----- The input

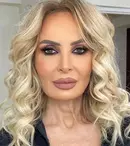 Operațiile estetice pe care Daniela Gyorfi le regretă. „După trei intervenții, nu sunt mulțumită”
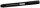 ratiotec Geldscheinprüfstift RP 50
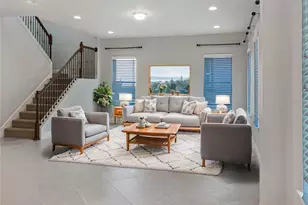 5954 Caldera Ridge Dr, Lithia, FL 33547 - Photo 2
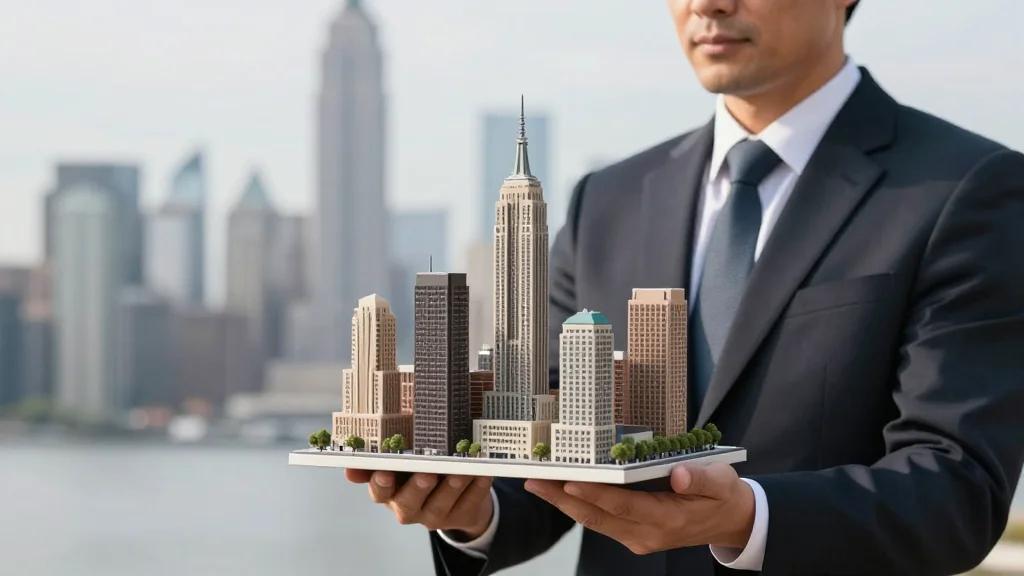 NYC Pension Funds Allocate $4B to Citywide Housing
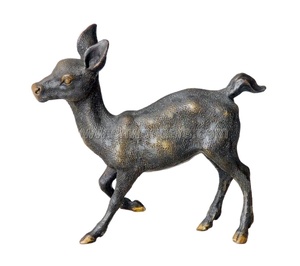 Scultura <span class=keywords><strong>bronzo</strong></span> <span class=keywords><strong>antico</strong></span> più venduto adorabile - Product Image 1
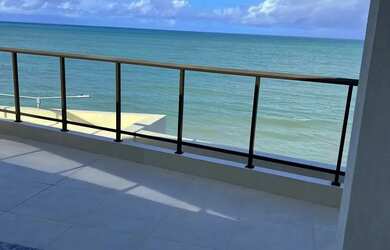 Imagem 11: Apartamento para locação no BEIRA MAR RESIDENCIA IZAIAS PINTO , JANGA,...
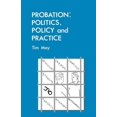 thumbnail image 1 of Probation, (Paperback), 1 of 1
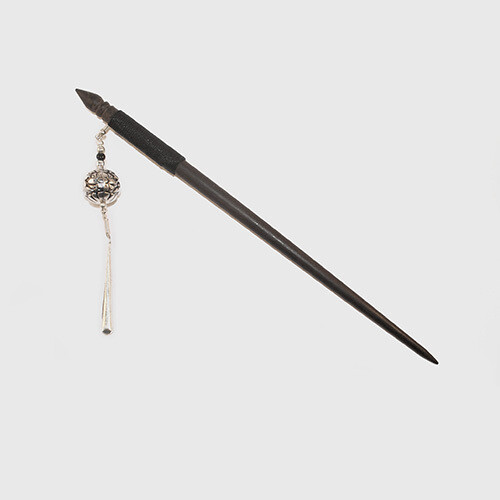 Hair Stick  HS28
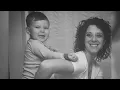 Duane Meyer trial Autopsy suggests strangulation in Byron mother s death not fire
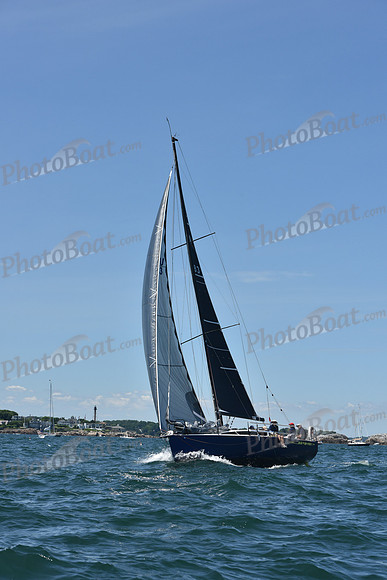 2019 Marblehead to Halifax A_0283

----------

• Your instructions: Please reproduce, word for word, only the lines from the line that holds "5954 Caldera Ridge" through the final line of the entries above, omitting any pictures.

• Answer to this problem:
 5954 Caldera Ridge Dr, Lithia, FL 33547 - Photo 2
 NYC Pension Funds Allocate $4B to Citywide Housing
 Scultura <span class=keywords><strong>bronzo</strong></span> <span class=keywords><strong>antico</strong></span> più venduto adorabile - Product Image 1
 Imagem 11: Apartamento para locação no BEIRA MAR RESIDENCIA IZAIAS PINTO , JANGA,...
 thumbnail image 1 of Probation, (Paperback), 1 of 1
 Hair Stick  HS28
 Duane Meyer trial Autopsy suggests strangulation in Byron mother s death not fire
 2019 Marblehead to Halifax A_0283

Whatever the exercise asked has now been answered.